Gemunkelt wurde hin und wieder in der Familie. Es hieß, der Opa soll in "irgendetwas mit Juden" verwickelt gewesen sein. Der Enkel fragte nicht nach. Dabei war er oft beim Großvater im beschaulich-schönen Creglingen im lieblichen Taubertal. "Ich hatte eine starke emotionale Bindung zu ihm", erzählt Horst F. Rupp, emeritierter Professor für Evangelische Theologie an der Universität Würzburg.
Erst viele Jahre später fängt er an Fragen zu stellen. Da ist der Großvater schon lange tot. Bei einem Besuch der Eltern in Rothenburg ob der Tauber, "bin ich zufällig darauf gestoßen", sagt Rupp. Ganz hinten im Wohnzimmerschrank. "Dort habe ich ein Konvolut entdeckt mit Briefen, Zeugenaussagen, Gerichtsurteil." Der Enkel hatte die Akte über das nach 1945 gegen Karl Stahl geführte Gerichtsverfahren in der Hand.
Rupp wusste nichts von diesen Unterlagen, will mehr von seiner Mutter wissen. Sie wehrt ab: "Ach, das alte Zeug, lass es ruhen."
Rupp ließ nichts ruhen. Nun wusste er: Sein "geliebter Opa" war am 25. März 1933 in Creglingen, im heutigen Main-Tauber-Kreis, am mutmaßlich ersten systematischen Gewaltexzess gegen Juden nach dem Machtantritt der Nationalsozialisten beteiligt.
Für ihn, den Enkel, brach die heile Welt seiner Kindheit und Jugend in sich zusammen. "Opa war ein Nazi." Ein Täter! Vielleicht sogar ein Mörder?
Rupp stockt die Stimme, während er sich erinnert. Er atmet durch. Noch heute wühlt den 72-Jährigen dieser Teil der Familiengeschichte auf. Der Theologe ist der Einzige in der Familie, der sich damit intensiv auseinandersetzt. Seine Geschwister, sagt er, "konnten und wollten es nicht.
Was war an diesem 25. März vor über 89 Jahren geschehen? Wenige Wochen nach der sogenannten Machtergreifung der Nazis und einen Tag nach Inkrafttreten des Ermächtigungsgesetzes.

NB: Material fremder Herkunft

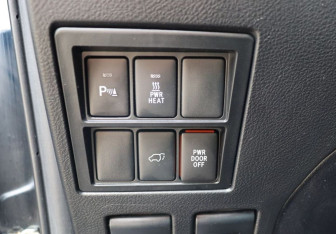 Подержанный автомобиль Toyota Fortuner 2018 года (13 фото)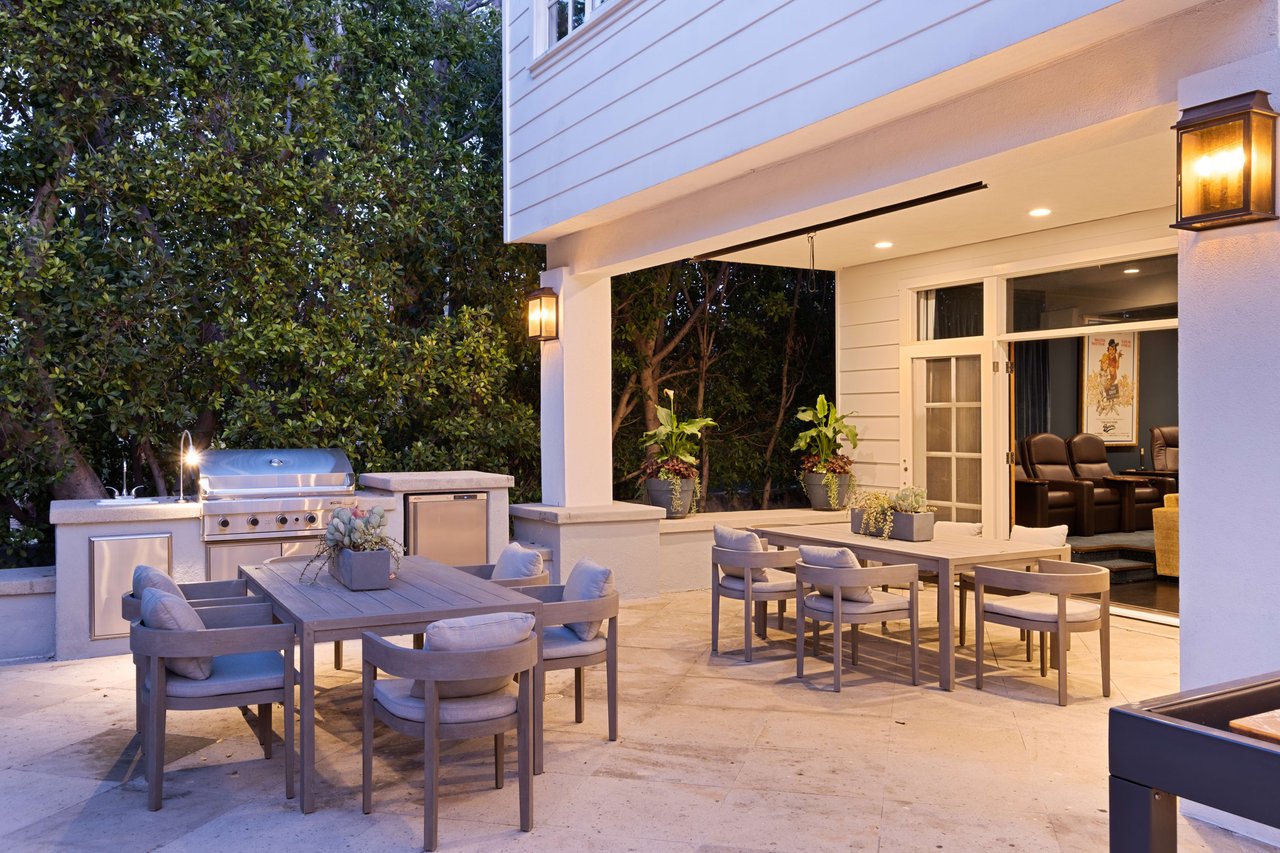 16659 Ashley Oaks, Encino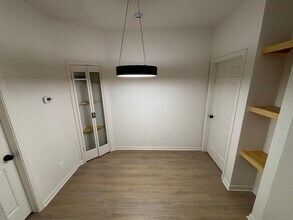 4800 W Lovers Ln in Dallas, TX - Building Photo - Building Photo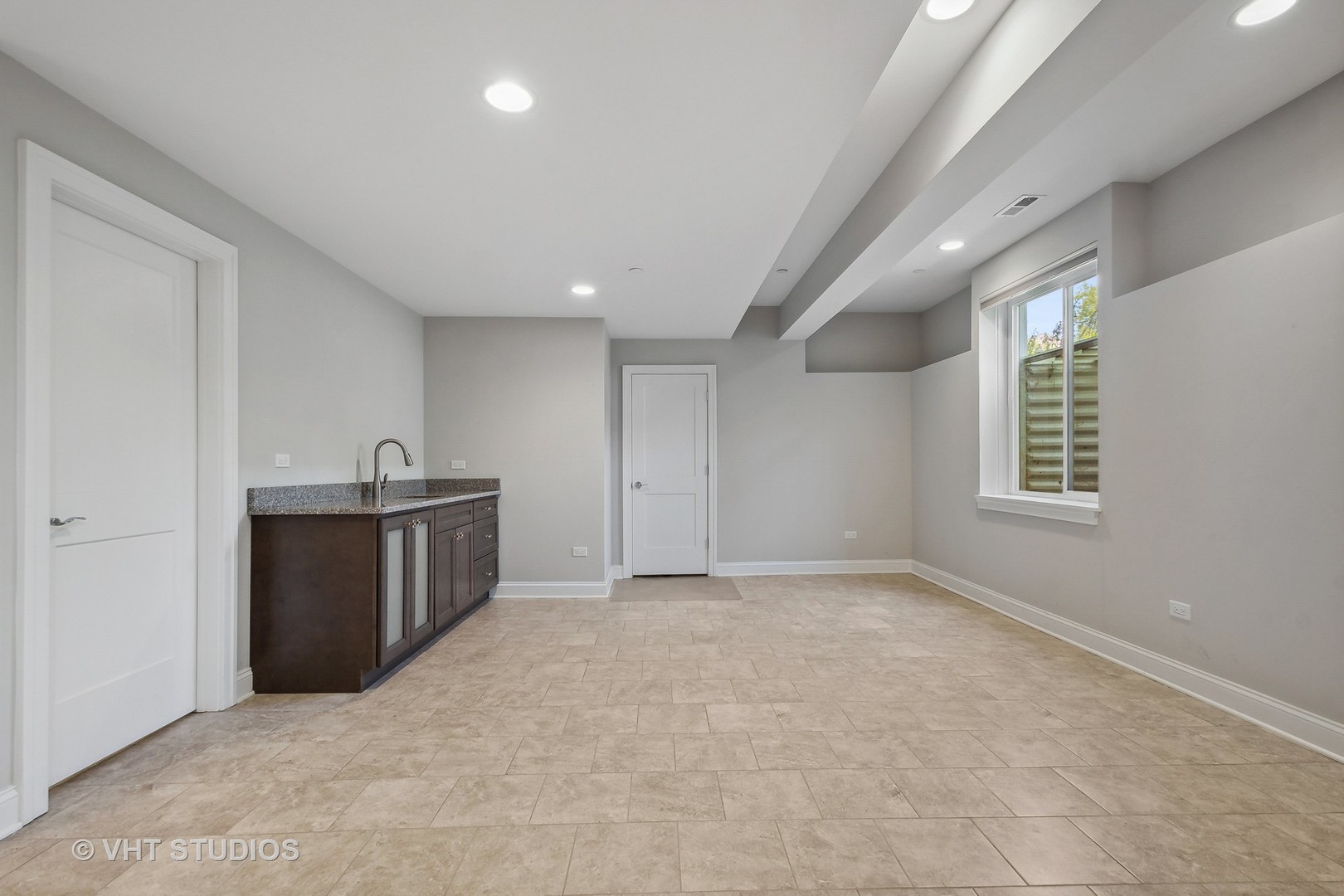 2004 West Sibley Street Park Ridge, IL 60068 - Photo 24 of 40 a view of a livingroom with a washer and dryer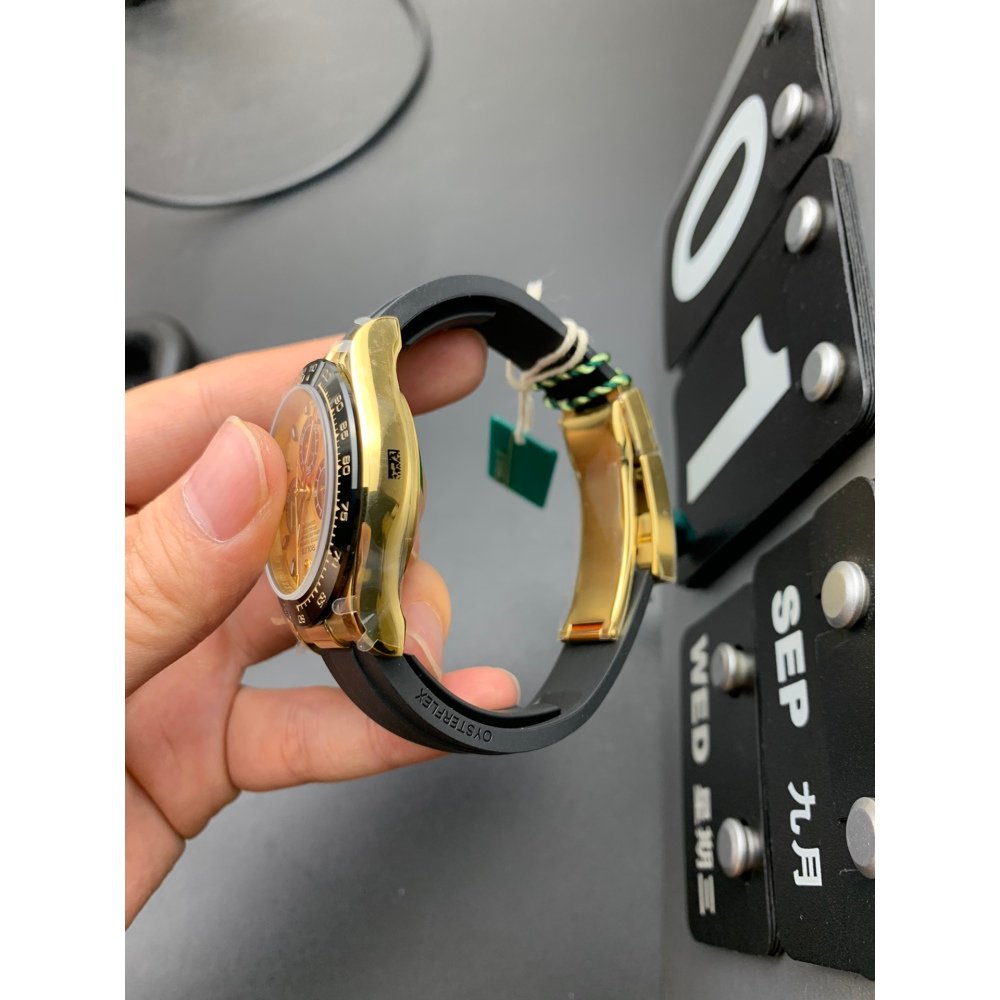 Rolex Daytona 116518LN Black Ceramic Bezel 18K Yellow Gold Dial Rubber Strap Swiss 4130 Movement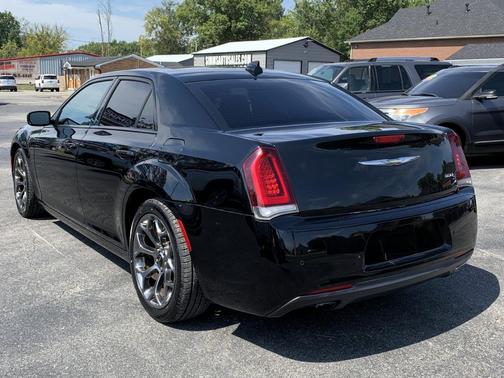 2018 Chrysler 300 S
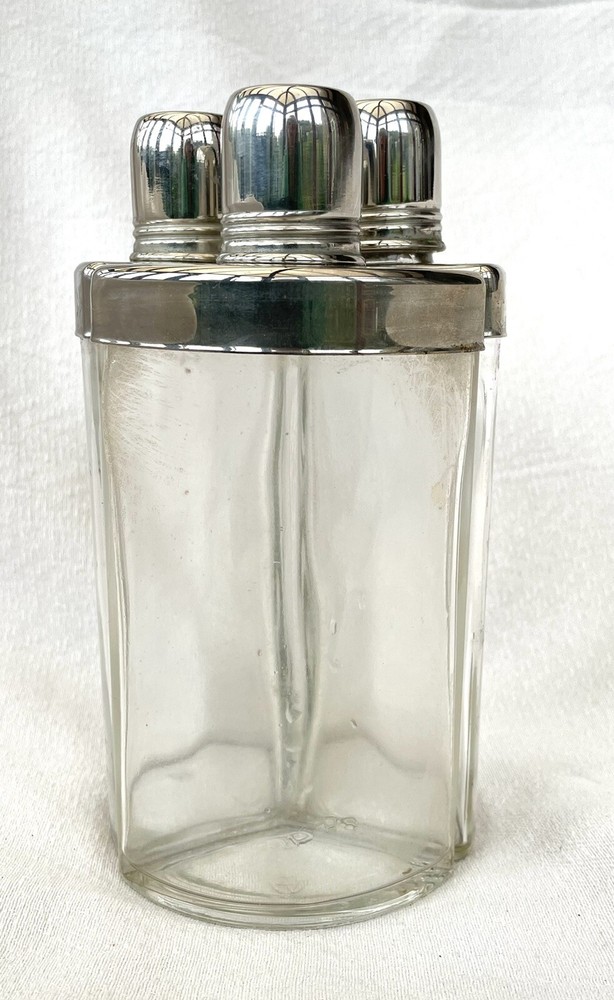 SPLENDID HUNTING STIRRUP CUP CASE WITH THREE SILVER PLATE MOUNTED FLASKS.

Der Ablauf des Creglinger Pogroms lässt sich recht genau rekonstruieren aufgrund der Unterlagen im Wohnzimmerschrank und weiterer Dokumente wie das polizeiliche Vernehmungsprotokoll im Staatsarchiv Ludwigsburg. Rupp hat die Ereignisse zusammen mit dem Lokalhistoriker Hartwig Behr, einst Lehrer am Deutschordensgymnasium in Bad Mergentheim, erforscht. Die Ergebnisse stehen im Buch "Vom Leben und Sterben. Juden in Creglingen" (Könighausen & Neumann, Würzburg, antiquarisch).
Einer der Hauptakteure der "Aktion" vom 25. März 1933 war den Recherchen zufolge Fritz Klein. Er leitete eine Standarte der Sturmabteilung (SA) in Heilbronn und begleitete Polizeikräfte an diesem Tag nach Creglingen. Am frühen Morgen machten sich die Männer auf den Weg. Der Trupp suchte nach versteckten Waffen – ausschließlich in jüdischen Haushalten.
Der 25. März 1933 war ein Samstag. Sabbat. Jüdischer Ruhetag. Karl Stahl, seit Anfang der 1930er Jahren der NS-Ortsgruppenleiter von Creglingen, empfing die Heilbronner. Mit ihnen holte er 16 jüdische Männer aus ihren Wohnungen und aus der Synagoge. Frauen und Kinder mussten in den Häusern bleiben.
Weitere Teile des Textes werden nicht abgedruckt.